Wasserstein Distance
Overview
Wasserstein distance (Earth Mover’s Distance) measures the minimum “cost” to transform one probability distribution into another. In data generation models like GARAGE, it quantifies the level of similarity between the real scRNA-seq data distribution and the generated synthetic data distribution.
Intuition: Given two distributions (real data \(P\) and generated data \(Q\)), the Wasserstein distance is the minimum amount of “mass” that must be moved — weighted by distance — to transform \(P\) into \(Q\).
Advantages
Works well for distributions that may not perfectly overlap.
Captures spatial/geometric relationships in the data.
Provides a single scalar that can be compared across datasets and models.
Limitations
Computationally expensive for large datasets (exact solution via Optimal Transport is \(O(n^3)\)).
Approximate solutions (Sinkhorn) reduce cost but introduce a regularisation bias.
Should be complemented with clustering-based metrics (ARI, NMI, F1).
Wasserstein Distance in GARAGE
After generating synthetic cell samples with GARAGE, the Wasserstein distance is computed between the generated and real data distributions.
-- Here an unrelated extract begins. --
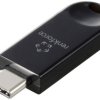Renkforce RF-BTA-430 Dongle Bluetooth 5.3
A small Wasserstein distance (e.g., \(\ll 0.1\) for normalised data) indicates that the synthetic data closely matches the real data.
Running the Computation
# Example: compute WD between real CBMC and generated output
python -m data_generation.wasserstein_distance \
--dataset cbmc \
--gen_csv data/gen_data/cbmc_data_mixdata_iter3_top_426.csv
The script:
Loads the real expression matrix (via
config.py).Loads the generated data CSV.
Normalises both matrices to sum-to-1 probability distributions.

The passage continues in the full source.